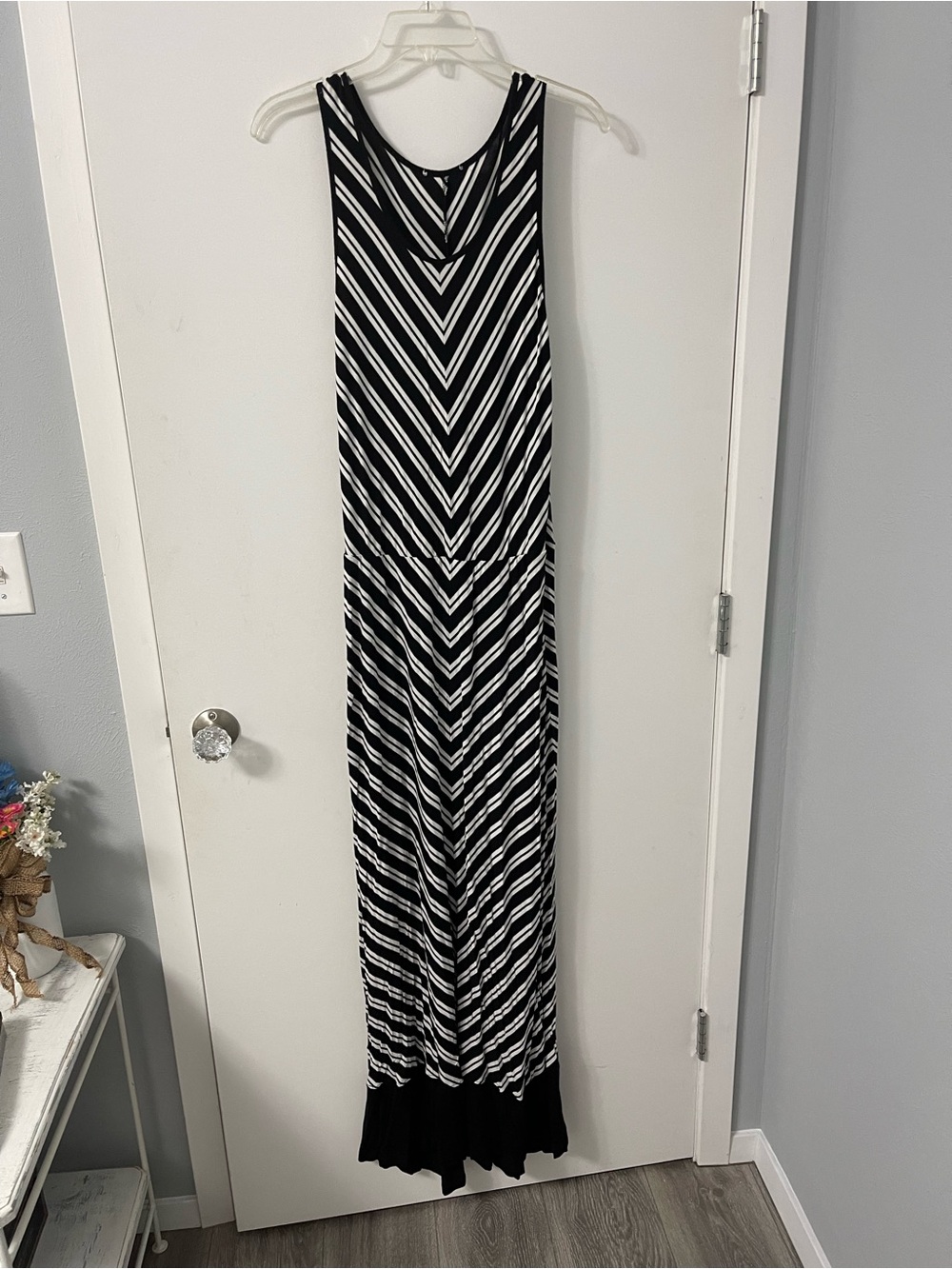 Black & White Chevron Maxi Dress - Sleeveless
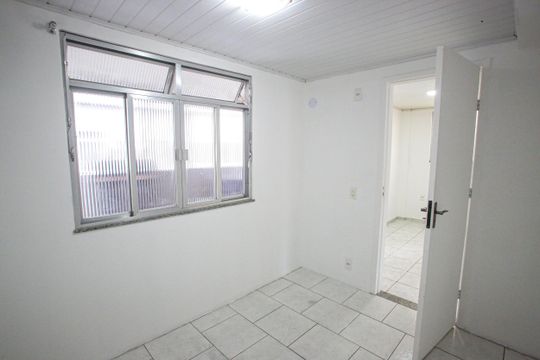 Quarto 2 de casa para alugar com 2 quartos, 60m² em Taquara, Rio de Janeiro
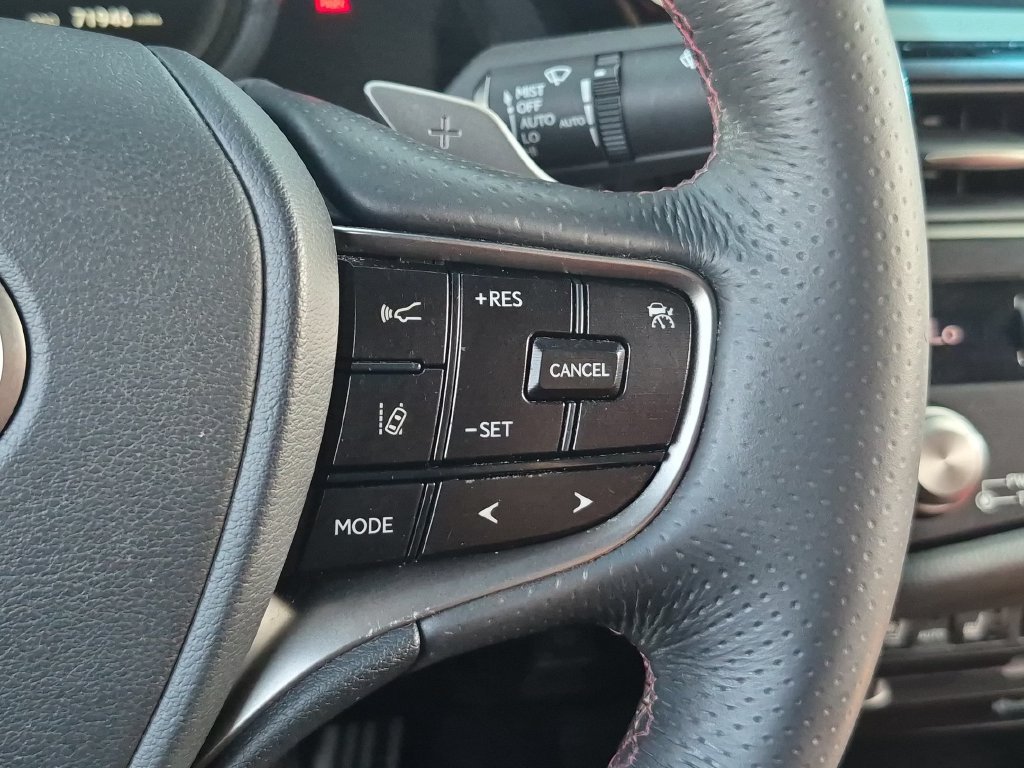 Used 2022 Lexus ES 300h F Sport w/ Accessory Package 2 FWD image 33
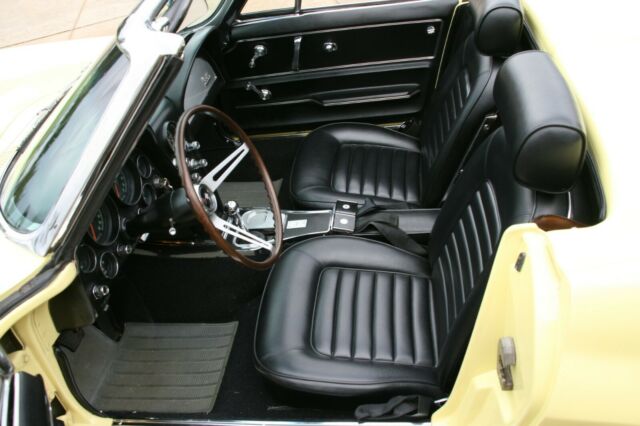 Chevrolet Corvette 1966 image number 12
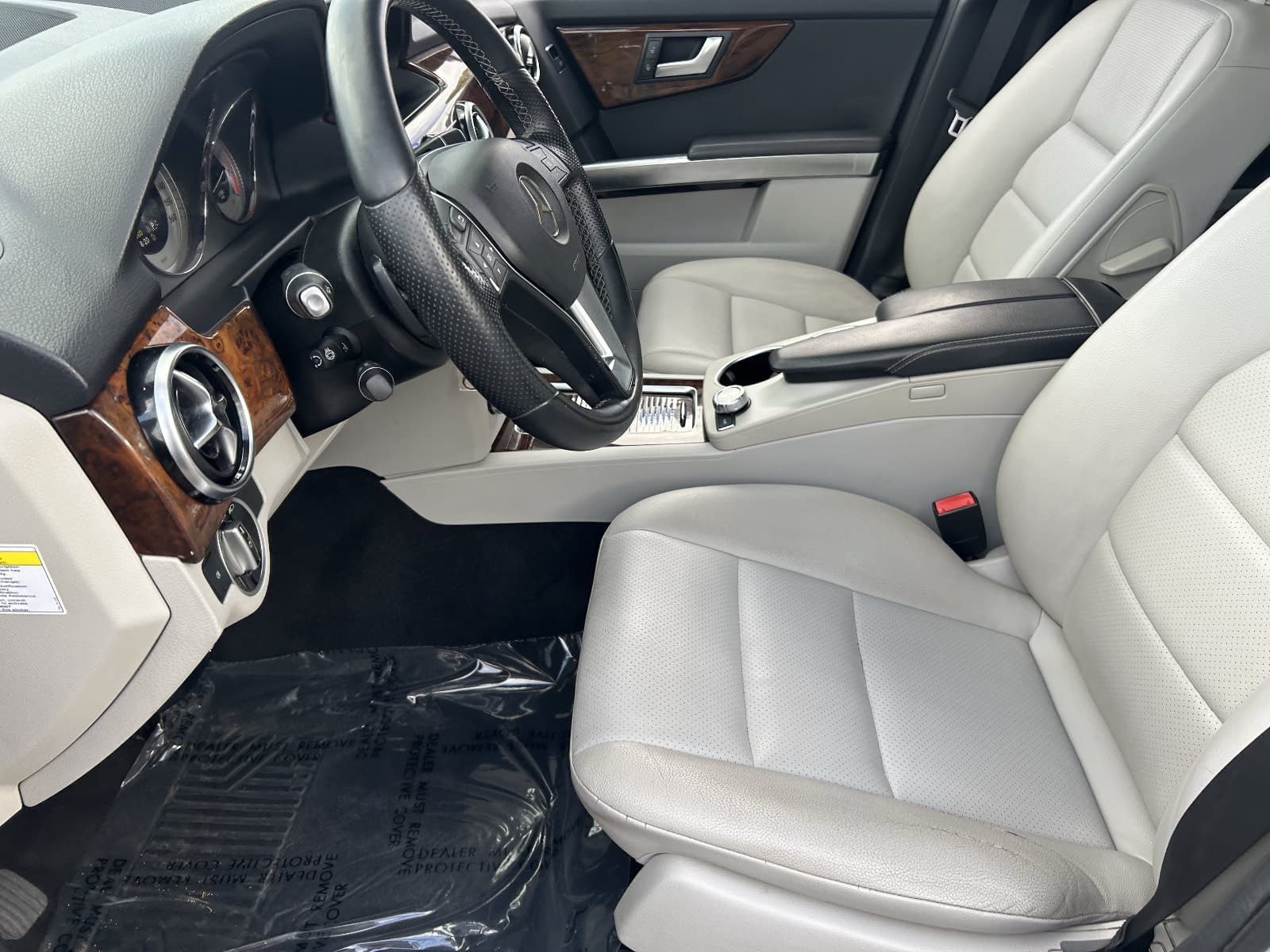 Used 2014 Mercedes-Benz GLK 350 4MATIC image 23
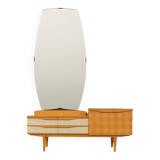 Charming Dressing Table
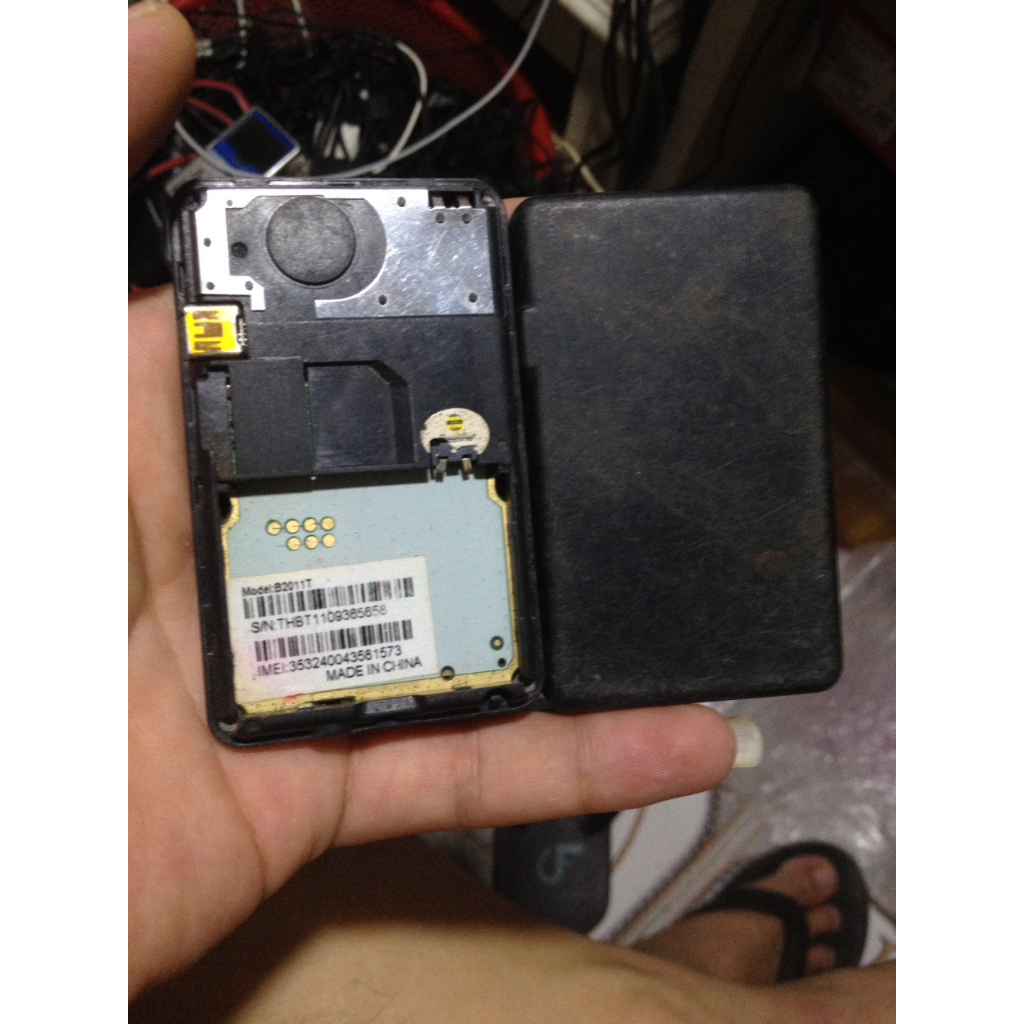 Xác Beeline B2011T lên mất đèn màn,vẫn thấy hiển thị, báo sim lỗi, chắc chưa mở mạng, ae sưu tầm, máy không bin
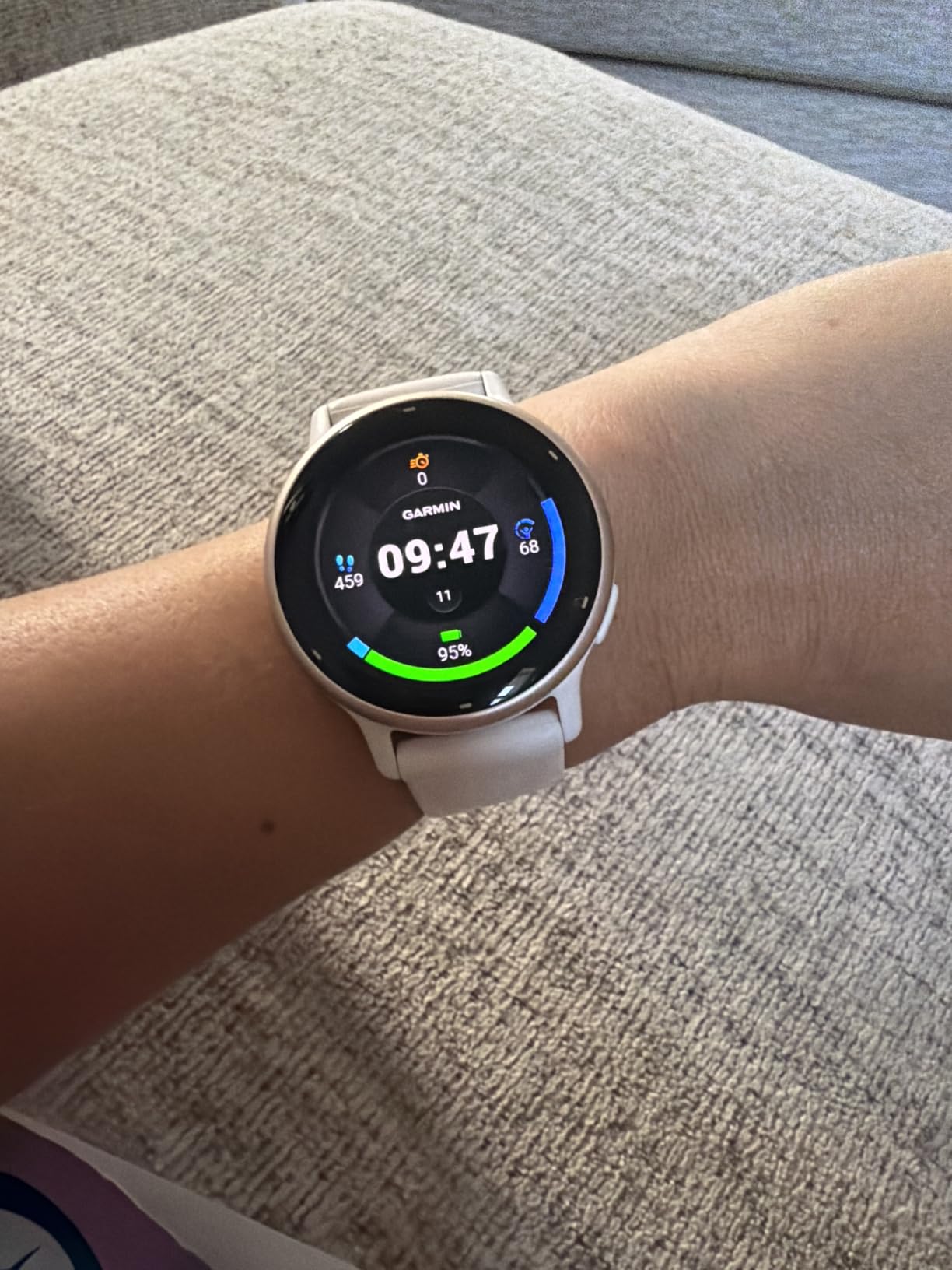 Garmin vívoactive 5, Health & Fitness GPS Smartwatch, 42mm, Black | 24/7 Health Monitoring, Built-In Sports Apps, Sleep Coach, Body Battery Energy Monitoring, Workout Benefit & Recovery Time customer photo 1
----------------
_EXERCISE BRIEF:_
What should come back is an exact copy of the lines above from the line with "Quarto 2 de" to the line with "Xác Beeline B2011T", both included, minus the pictures.

_EXPECTED ANSWER:_
 Quarto 2 de casa para alugar com 2 quartos, 60m² em Taquara, Rio de Janeiro
 Used 2022 Lexus ES 300h F Sport w/ Accessory Package 2 FWD image 33
 Chevrolet Corvette 1966 image number 12
 Used 2014 Mercedes-Benz GLK 350 4MATIC image 23
 Charming Dressing Table
 Xác Beeline B2011T lên mất đèn màn,vẫn thấy hiển thị, báo sim lỗi, chắc chưa mở mạng, ae sưu tầm, máy không bin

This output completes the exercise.